Tree Traversal

The TreeNode class is the foundation for all binary tree problems. Must be instant.

class TreeNode:
    def __init__(self, val, l=None, r=None):
        self.val = val
        self.left = l
        self.right = r

Leaf detection is used in path-sum, leaf-collection, and boundary traversal problems.

node.left is None and node.right is None

Recursive node counting teaches divide-and-conquer tree thinking.

def count(node):
    if not node: return 0
    return 1 + count(node.left) + count(node.right)

Height calculation is the basis for balanced-tree checks and diameter computation.

def height(node):
    if not node: return 0
    return 1 + max(height(node.left), height(node.right))

Inorder on a BST yields sorted order. Foundation for validation and kth-smallest.

def inorder(node):
    if not node: return
    inorder(node.left)
    visit(node)
    inorder(node.right)

Preorder visits root first. Used for serialization and tree construction.

def preorder(node):
    if not node: return
    visit(node)
    preorder(node.left)
    preorder(node.right)

The trie node with children dict and end flag is the foundation for prefix-search data structures.

class TrieNode:
    def __init__(self):
        self.children = {}
        self.end = False

Trie insert walks and creates nodes character by character. O(word length) per insert.

def insert(root, word):
    node = root
    for c in word:
        if c not in node.children:
            node.children[c] = TrieNode()
        node = node.children[c]
    node.end = True

Trie search checks end flag at the final node. Distinguishes full words from prefixes.

def search(root, word):
    node = root
    for c in word:
        if c not in node.children:
            return False
        node = node.children[c]
    return node.end

Prefix search returns True if any word starts with the prefix. No end-flag check needed.

def starts_with(root, prefix):
    node = root
    for c in prefix:
        if c not in node.children:
            return False
        node = node.children[c]
    return True

Recursive trie deletion prunes empty branches. Checks if children remain before removing.

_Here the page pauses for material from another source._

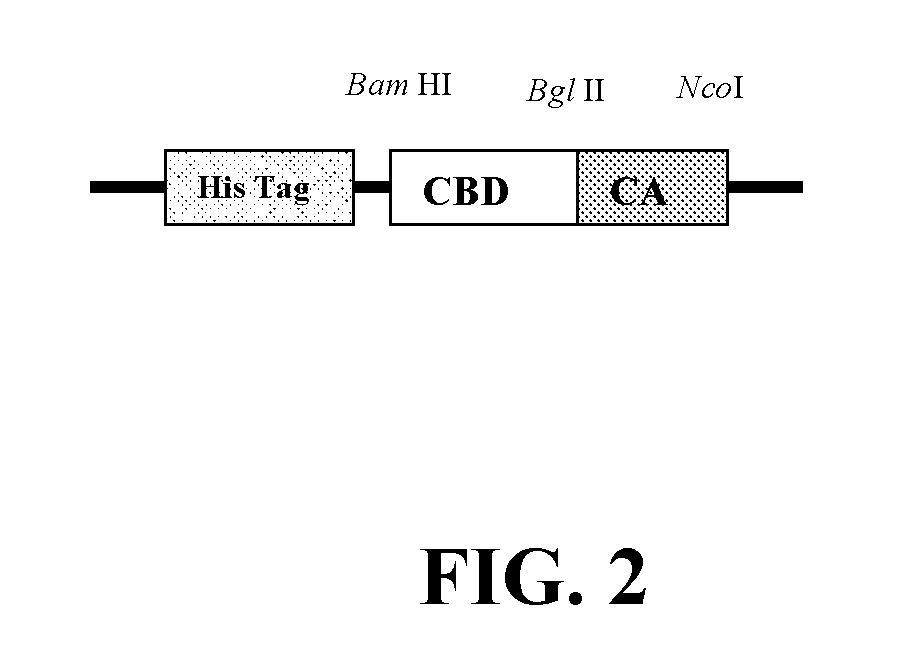 Novel Fusion Carbonic Anhydrase/Cellulose Binding Polypeptide Encoded by a Novel Hybrid Gene, and Method of Creating and Using the Same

def delete(node, word, i=0):
    if i == len(word):
        node.end = False
        return len(node.children) == 0
    c = word[i]
    if delete(node.children[c], word, i+1):
        del node.children[c]
    return not node.end and len(node.children) == 0

Diameter is the max left_height + right_height at any node. Track global max during DFS.

dia = 0
def h(n):
    global dia
    if not n: return 0
    l, r = h(n.left), h(n.right)
    dia = max(dia, l + r)
    return 1 + max(l, r)

Level-order collects node values per level. Foundation for zigzag and right-side-view.

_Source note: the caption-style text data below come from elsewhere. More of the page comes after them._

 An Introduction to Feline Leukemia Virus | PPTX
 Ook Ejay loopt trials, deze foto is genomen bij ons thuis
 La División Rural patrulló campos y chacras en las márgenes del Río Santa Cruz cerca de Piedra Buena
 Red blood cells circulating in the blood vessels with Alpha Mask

from collections import deque
q = deque([root])
res = []
while q:
    lvl = []
    for _ in range(len(q)):
        n = q.popleft()
        lvl.append(n.val)
        if n.left: q.append(n.left)
        if n.right: q.append(n.right)
    res.append(lvl)

Carry max-so-far down the path. A node is good if its value >= the path max.

def dfs(n, mx):
    if not n: return 0
    good = 1 if n.val >= mx else 0
    mx = max(mx, n.val)
    return good + dfs(n.left, mx) + dfs(n.right, mx)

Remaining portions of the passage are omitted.